The lime-flavoured, caviar-like vesicles of fingerlimes are great with oysters, as is yuzu, a Japanese citrus, which adds unique flavour to lots of Japanease sauces and drinks. Yuzu fruit look like manky old lemons, but you need only pierce the skin with a fingernail to release their different and very distinctive aroma. The fabulous fragrance is put to use in Japan not just in food, but also in the bathtub. At Takefue, a beautiful hot spring resort in the mountains of Kyushu, I was given a bowl of fresh yuzu to lightly crush and float in my tub. The oil infusing the water and steam made for an invigorating soak.
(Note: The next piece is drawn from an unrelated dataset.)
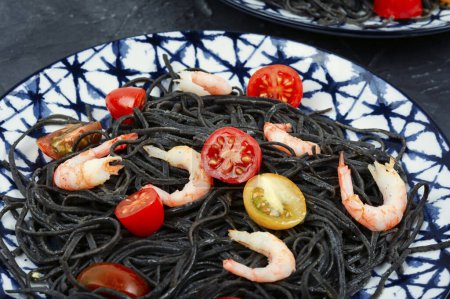 Téléchargez les photos : Spaghettis végétaliens aux crevettes et tomates. Spaghettis aux pâtes noires cuites. - en image libre de droit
There are few commercial yuzu growers in Australia so fresh fruit is hard to find, making growing it all the more appealing. Calamansi is just as rare. This is the lime that makes the delicious cold drink sold at roadside stalls through Indonesia and the Philippines. Calamansi is here called a calamondin. Don’t be fooled by the fact that the fruit is orange in Sydney rather than the green of the tropics. Engall suspects the colour is an effect of the climate, perhaps related in some way to the phenomenon that turns ripe valenecia oranges green in high summer. Like others in the cumquat family, calamondin are perfectly suited to container culture.
For sheer oddity value, it’s hard to go past Buddah’s hand, Citrus medica ‘Fingered citron’. The golden-fingered fruit is all rind and pith, no flesh, but its fresh fragrance has scented rooms since the days of ancient Athens. It looks spectacular as part of a still life, and is delicious candied. In fact this and Citrus medica ‘Etrog’, also available at Engall’s Nursery in Dural, are the fruits that make the French candied peel called citron.
So by all means grow a lemon, and perhaps an orange, but consider expanding the orchard to include some of the rarer citrus family. The requirements are all the same – a sunny spot and a big pot or a well-prepared hole in the garden, dug to at least twice the size of the rootball, and improved with lots of organic matter. Mark Engall’s single tip for citrus success is soil preparation. The better the soil, he says, the better the growth and the more resistant to pests is the citrus, whichever one you’re growing.